Why this matters now
The EU has prolonged Russia-related individual sanctions until 15 March 2026. The 18th package has been in force since 18 July 2025, introducing a lower oil price cap, a shadow-fleet crackdown and expanded transaction bans. On 19 September 2025, the Commission presented a 19th package for Member State approval, proposing an LMG import ban, additional bank and crypto restrictions and further shadow fleet listings.
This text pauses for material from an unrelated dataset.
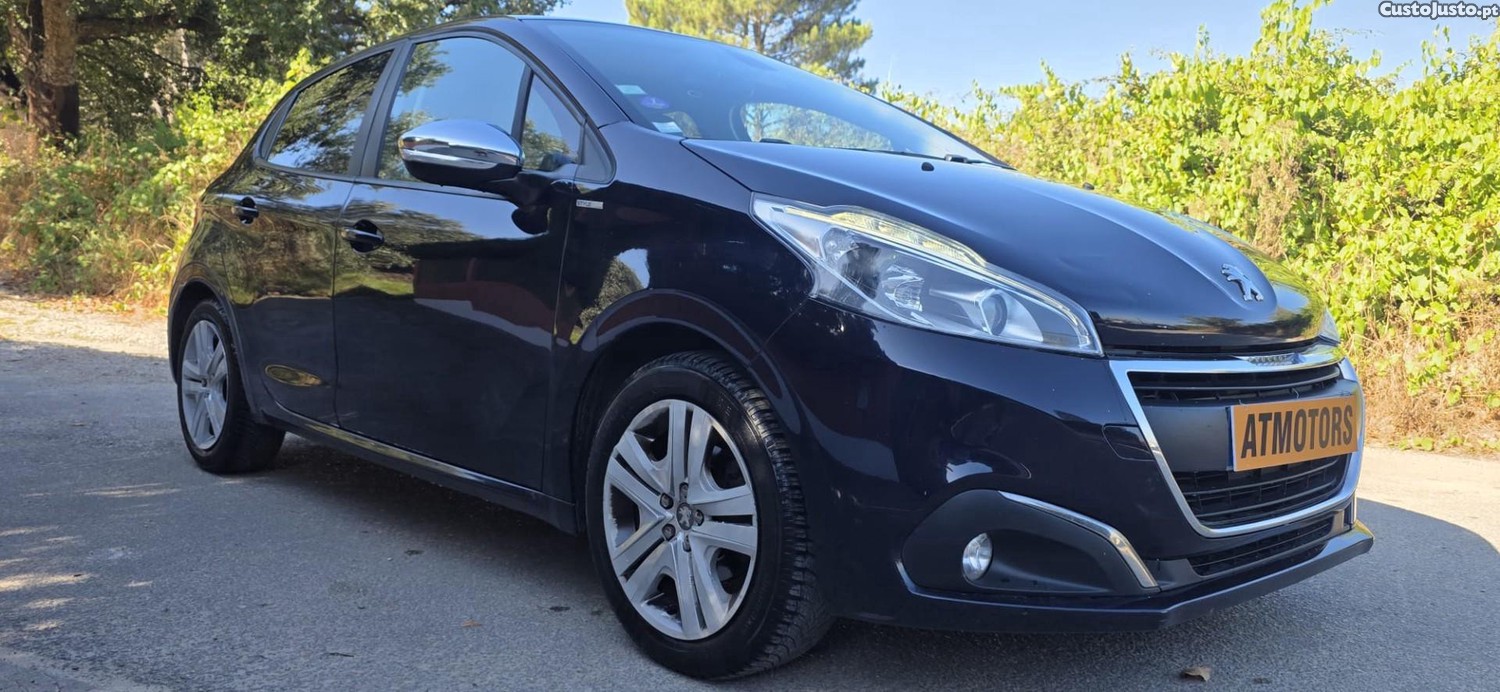 Peugeot 208 1.2 PureTech Style — fotografia 5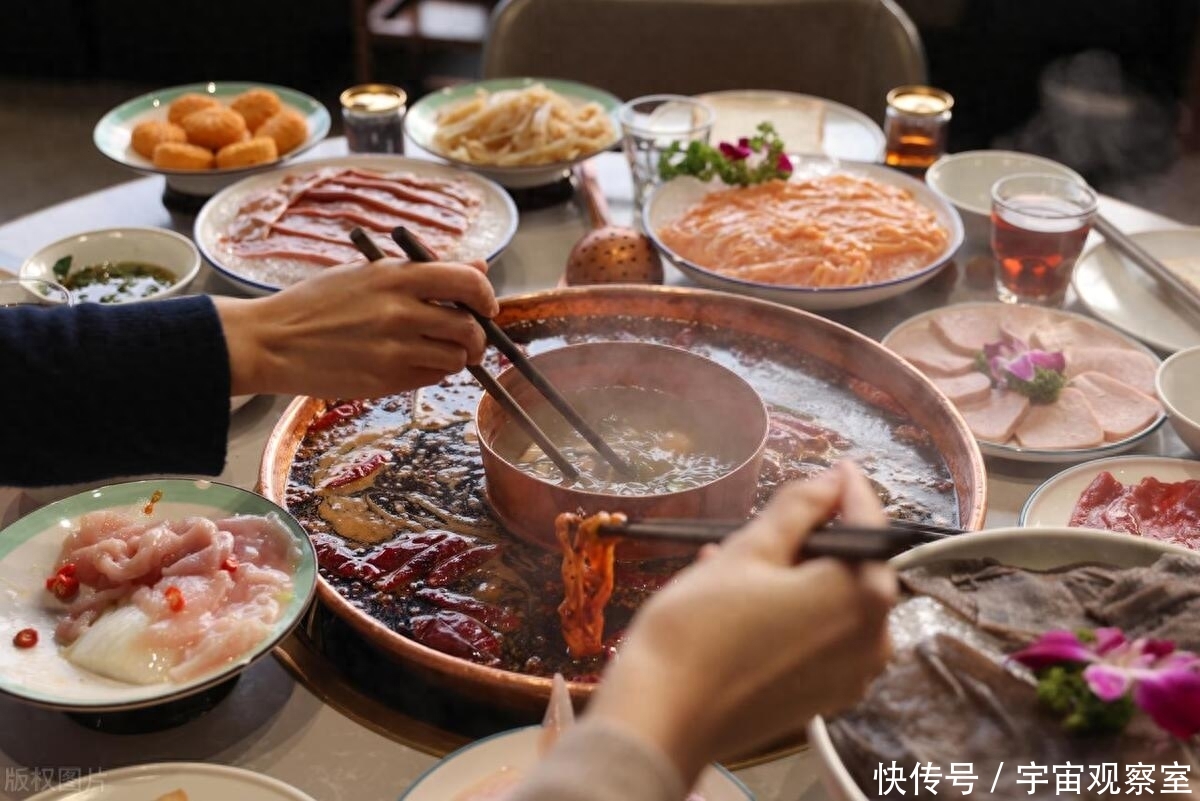 多喝水毁了肾粗茶淡饭伤透肝(多喝水毁了肾，粗茶淡饭伤透肝？4个坑人的养生建议，越养病越多)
In parallel, the dual-use list now captures emerging technologies following an Annex I update adopted on 8 September 2025. Screening, documentation and product classification must reflect the current rule set.
In this article, you will learn:
- What the 18th Russia package changed across energy, banking, shipping and trade (recap and implications);
- What the 19th package proposes and how it is likely to change the baseline once adopted;
- What the dual-use update adds under emerging technologies and the immediate compliance impacts; and
- What happens in case of violations (sanctions and export-control breaches).
Brief recap of the 14th-17th sanctions packages
- 14th package (24 June 2024): Robust anti-circumvention tools; LNG restrictions (including, post-transition, a ban on trans-shipment of Russian LNG at EU ports); new investment/service bans; targeted vessel measures.
- 15th package (16 December 2024): Focus on the shadow fleet; expanded listings; additional anti-circumvention measures; ban on the recognition and enforcement in the EU of Russian court rulings based on the Russian Arbitration Procedure Code.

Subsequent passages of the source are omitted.